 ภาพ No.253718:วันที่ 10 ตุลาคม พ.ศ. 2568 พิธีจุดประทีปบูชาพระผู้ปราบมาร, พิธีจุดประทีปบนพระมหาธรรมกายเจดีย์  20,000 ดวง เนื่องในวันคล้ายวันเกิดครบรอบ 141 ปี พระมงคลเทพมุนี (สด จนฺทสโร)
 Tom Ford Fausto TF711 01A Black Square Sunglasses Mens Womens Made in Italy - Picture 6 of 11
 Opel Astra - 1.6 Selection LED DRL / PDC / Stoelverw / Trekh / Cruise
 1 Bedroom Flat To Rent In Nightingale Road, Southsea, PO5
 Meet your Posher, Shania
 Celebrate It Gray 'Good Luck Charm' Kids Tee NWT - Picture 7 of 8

* * *

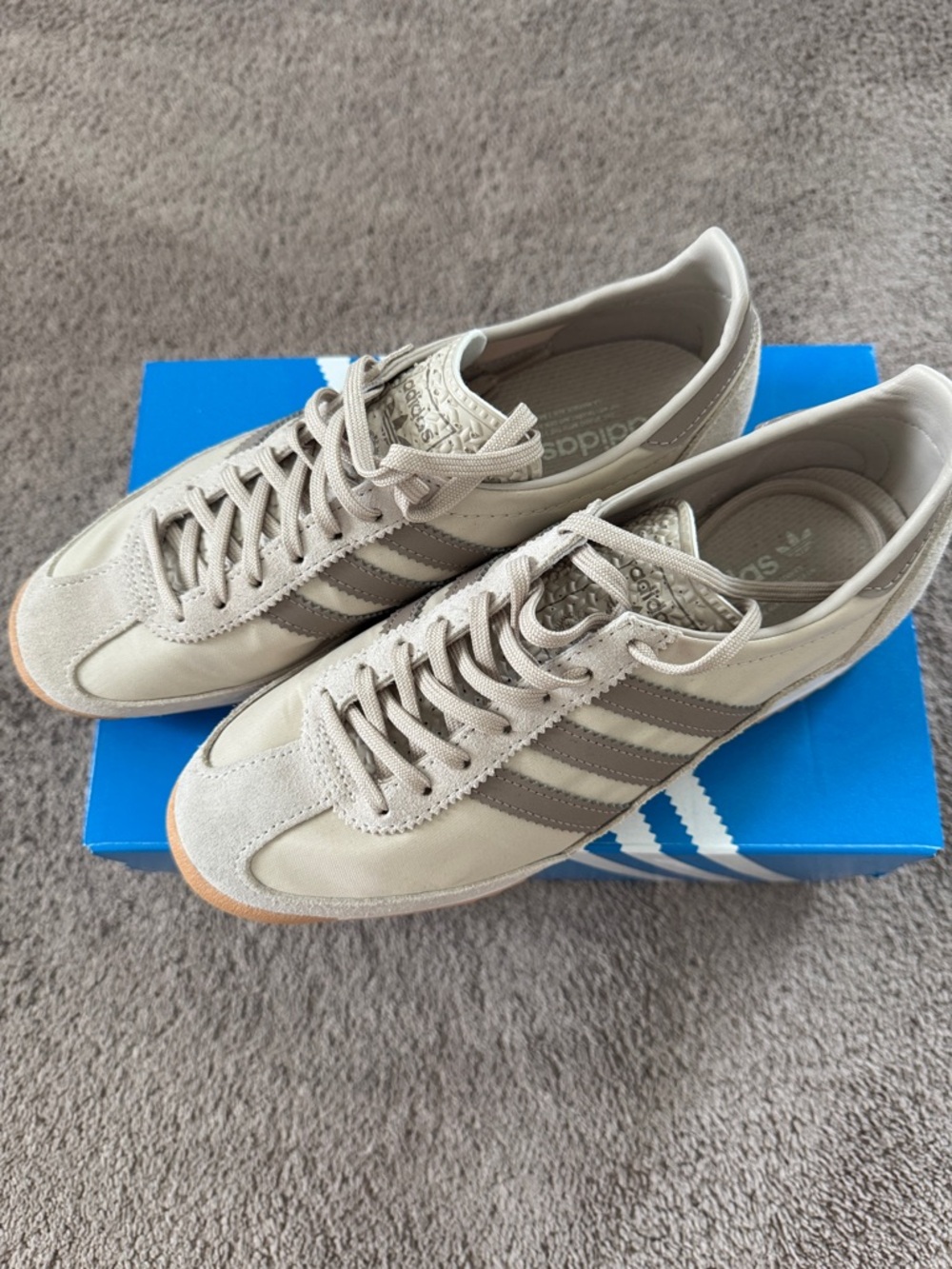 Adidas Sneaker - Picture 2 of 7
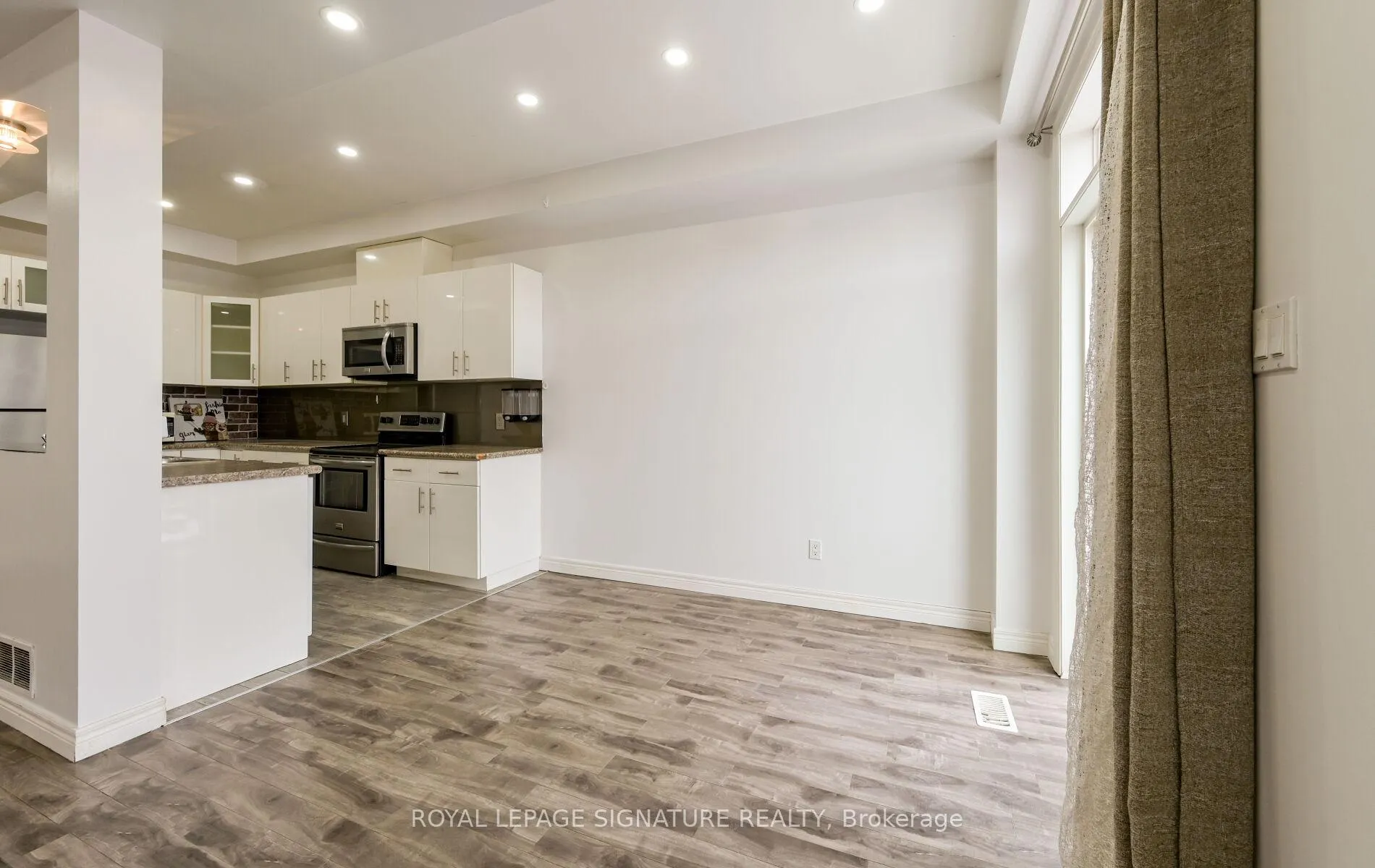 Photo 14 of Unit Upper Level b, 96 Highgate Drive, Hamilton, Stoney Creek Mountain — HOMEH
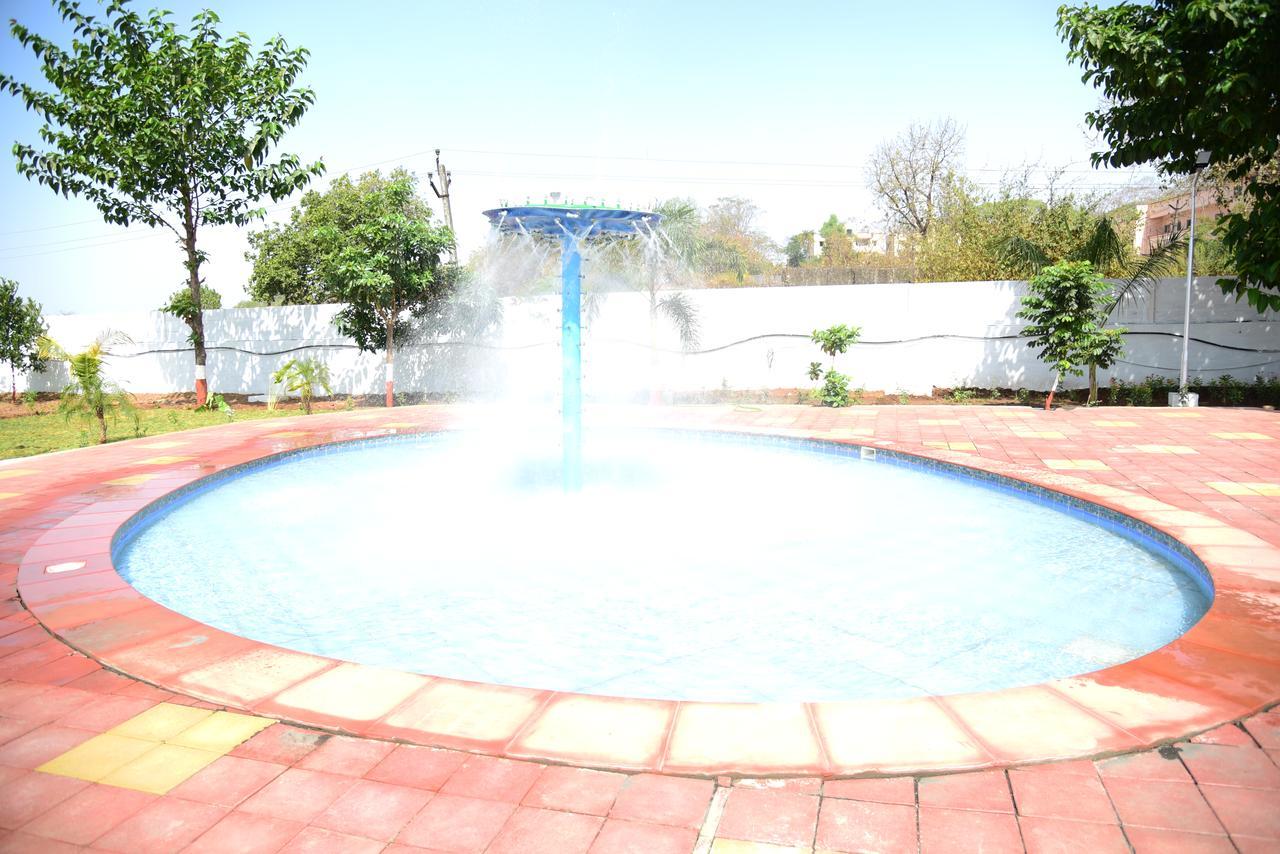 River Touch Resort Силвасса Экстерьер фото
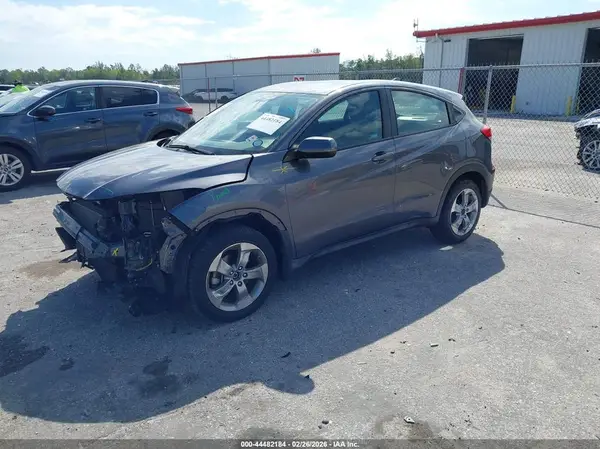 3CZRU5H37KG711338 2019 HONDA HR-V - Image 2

What you have to do » Begin at the line above that has "Meet your Posher, Shania" and stop after the line that has "Celebrate It Gray", copying each line exactly and adding nothing else.

Task response »
 Meet your Posher, Shania
 Celebrate It Gray 'Good Luck Charm' Kids Tee NWT - Picture 7 of 8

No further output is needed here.